GNU Octave SOCIS16 : Improve iterative methods for sparse linear systems: luglio 2016

Hi all,

during these two weeks I tried to fix some problems in pcg and gmres.
You can find the codes at
https://bitbucket.org/CrisDorigo/socis16-octave-iter_meth/src
in the folder "pcg_gmres".

PCG

Question on my previous post

In my previous post I had some problem in pcg with the check if the matrix was or not positive definite. Indeed the check done in the Octave code was not precise, especially if involved complex numbers. (To recall: in the algorithm is computed alpha = (r' * r) / (p' * (A*p)) and the control was: if alpha <= 0, break. The problem is that also if alpha was complex the algorithm must stop, moreover for Octave every complex number is greater than 0, so pcg didn't notice if alpha has an imaginary part).

After a (brief) discussion with the Octave community I changed the control on alpha. First of all it checks separately the numerator and the denominator of alpha (because if there is a preconditioner matrix then the definition of alpha "slightly" changes and also the numerator can be negative and/or complex), then the algorithm stops if

(abs (imag (num)) >= eps (real (num))*tol/eps) or real (num) <= 0

(the same control is made for den).

In this way the algorithm stops if really the numerator (or denominator) of alpha is negative or if it has an imaginary part "too big" (this is relative to the tolerance, because we thought that it is not the case to stop the algorithm if the imaginary part is, for example, 1e-16). If this happen then the FLAG output is setted as 4.

Unfortunately, alpha can be real and positive at every iteration also if the matrix is not positive definite, so there are cases when this check doesn't works, but there are nothing that we can do.

Other changes

I made other changes to make the code more compatible with Matlab.

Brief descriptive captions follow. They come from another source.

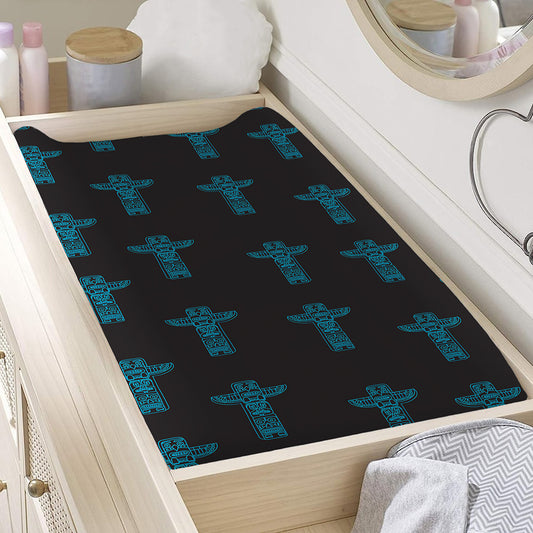 Native Totem Pattern Print Changing Pad Cover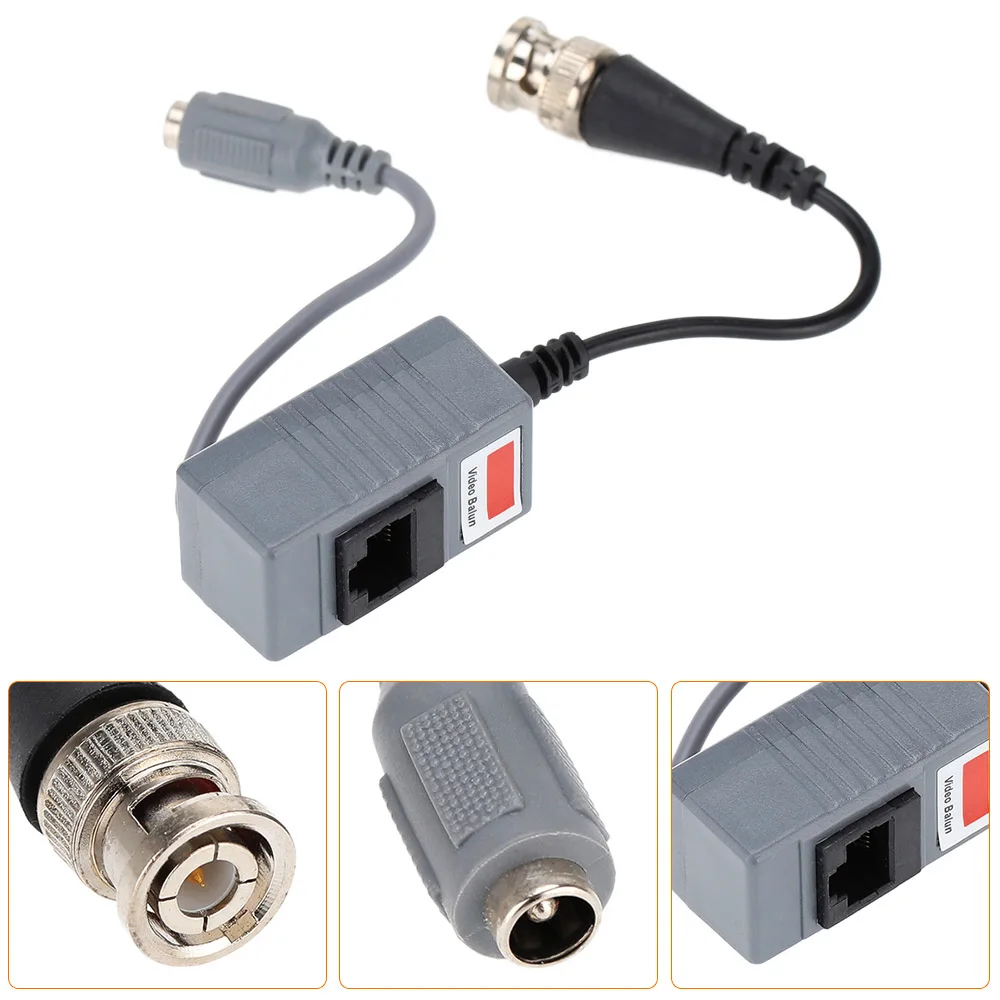 

CCTV Camera Video Balun Transceiver BNC UTP RJ45 Video and Power over CAT5/5E/6 Cable 2pcs/kit
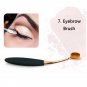 10pcs Oval Toothbrush Shaped Makeup Brush Soft Women Makeup Foundation Brush Kabuki Brush
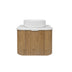 Agena Fluted Wood Grain Wall Hung Cabinet Prime Oak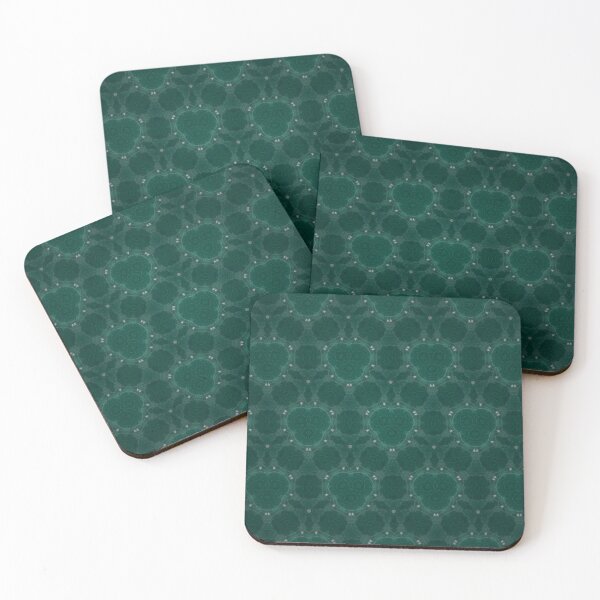 Item preview, Deep Green Kaleidoscope Circular Pattern Background designed and sold by IntelliMindDesigns.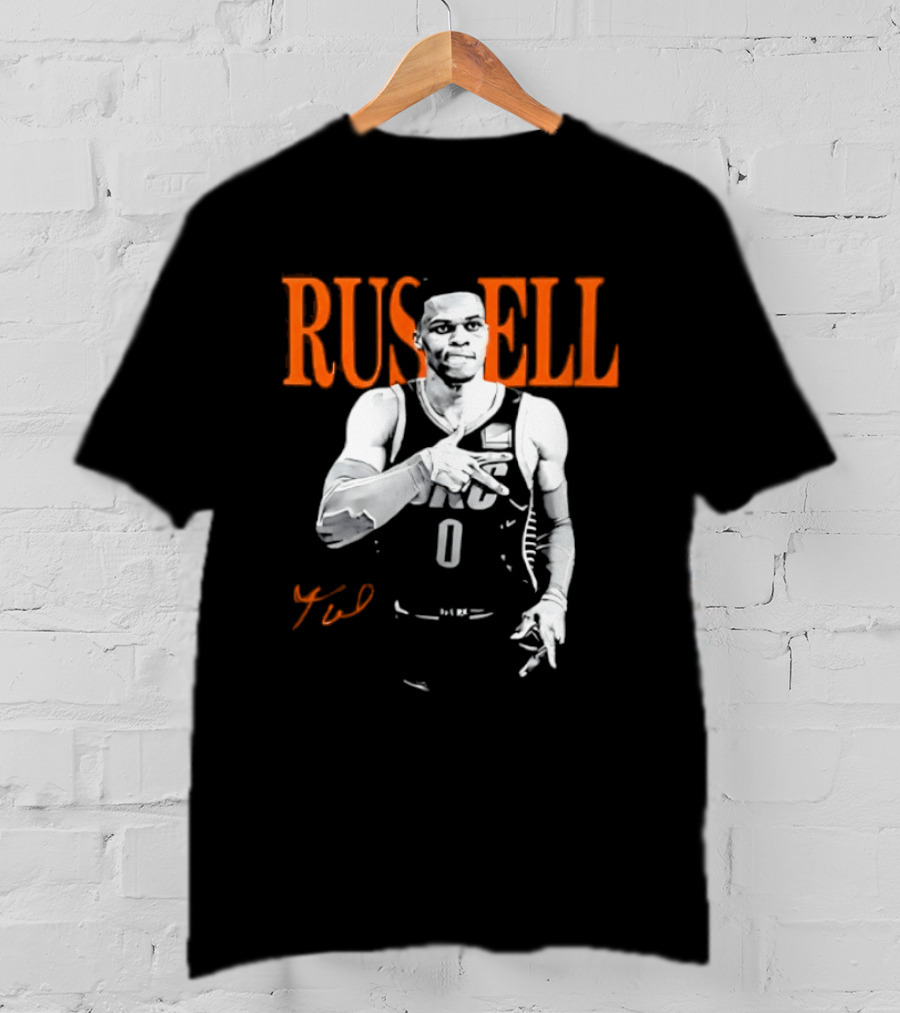 Russell Westbrook Oklahoma City Thunder 0 Basketball Fan T-Shirt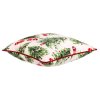 BONTEC Vankúš s výplňou - vianočné stromčeky, zamatový, 45 x 45 cm (Farba Zelená)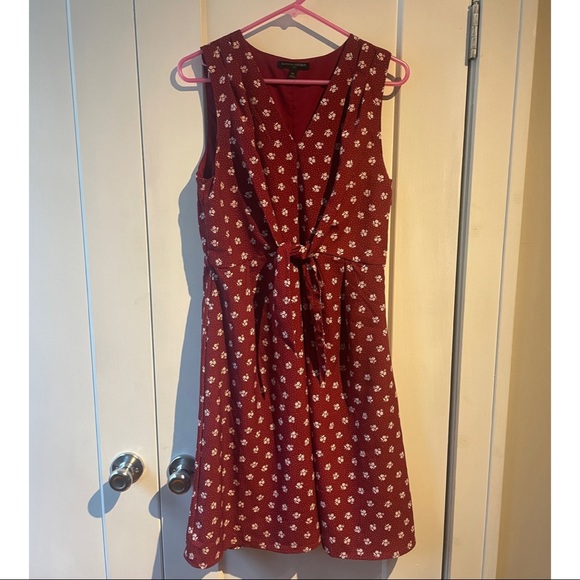 Banana Republic burnt orange, floral, summer dress - Picture 1 of 5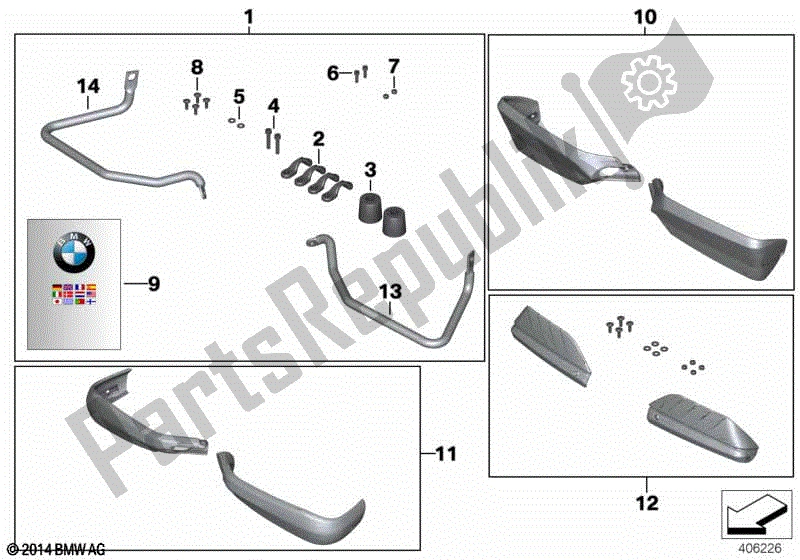 Todas las partes para Juego De Protectores De Manos de BMW F 650 GS Twin K 72 2008 - 2012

The most relevant are:

Making some tests with Matlab I noticed that the output approximation X is not the last computed, but the one with the minimum residual and the output variable IT gives the iteration which X was computed. The Matlab help is not very explicit about this. I noticed this fact because controlling its outputs, sometimes lenght(RESVEC) is greater than IT, where RESVEC is the vector of the residuals. So at first I thought that there was something wrong (it was strange that there are 10, 20 or 30 residuals more than iterations), then I noticed this "minimum" relation. Then I modified the pcg in such a way also the Octave one has this output.
I added the check about the stagnation. Indeed there is the possibility that the algorithm stagnates (in general when the (preconditioned) matrix A is not positive definite but the algorithm doesn't notice it). So I add the control:
if (norm (x - x_pr) <= eps*norm (x)) , where x_pr is the approximation of the previous iteration, then the algorithm stagnates and the FLAG output is setted as 3.
I added a check to control if the preconditioner matrix is singular, and if this happens then FLAG = 2. To do this, I use a try-catch approach:

try

warning("error","Octave:singular-matrix");

. . .   (pcg computations)

catch
flag = 2;
end_try_catch

In this way the warning "Octave:singular-matrix" is setted as an error, and with the try-catch I control if this error appears.
I used this approach because in Matlab and Octave there are different results when we try to solve M \ b, with M singular:
In Matlab there is always a warning and the output has some NaN or Inf;
I Octave the warning appears only the first time that we try to solve it and the output is the least squares minimization.
Unfortunately, since in Octave this warning appears only the first time, if we use pcg for a second time (without quitting Octave) with the same linear system with singular M, then FLAG = 2 is not setted.
There is another case where this approach doesn't work: when the matrix is setted as "Diagonal Matrix" then this warning doesn't appear. For example:

octave-cli:3> M1 = eye(3);
octave-cli:4> M1(3,3) = 0
M1 =

Diagonal Matrix

   1   0   0
   0   1   0
   0   0   0

octave-cli:5> M2 = [0 0 0;0 1 0; 0 0 1]
M2 =

   0   0   0
   0   1   0
   0   0   1

octave-cli:6> M1 \ ones(3,1)
ans =

   1
   1
   0

octave-cli:7> M2 \ ones(3,1)
warning: matrix singular to machine precision
ans =

   0
   1
   1

In this case M1 and M2 are different singular matrices, but if I try to solve a linear system with them there is a warning only with M2.
I setted the output flag as in Matlab:
FLAG = 0 : algorithm converged
FLAG = 1 : maximum number of iterations reached
FLAG = 2 : preconditioner matrix is singular
FLAG = 3 : stagnation
FLAG = 4: (preconditioned) matrix A not positive definite

About FLAG = 2 and FLAG = 4:

"FLAG = 2": the Matlab help tell that this flag appears when M is ill-conditioned, but the only case in which I can reproduce this flag is when M is singular. But singular and ill-conditioned matrix are different concepts, (ill-conditioned when the condition number is high, singular when det(A) is zero). Indeed, for example, Hilbert matrices are ill-conditioned but not singular. Since in Matlab I had FLAG = 2 only when M singular, in the code and in my pcg help is written that this flag appears only when M is singular, and not when M ill-conditioned.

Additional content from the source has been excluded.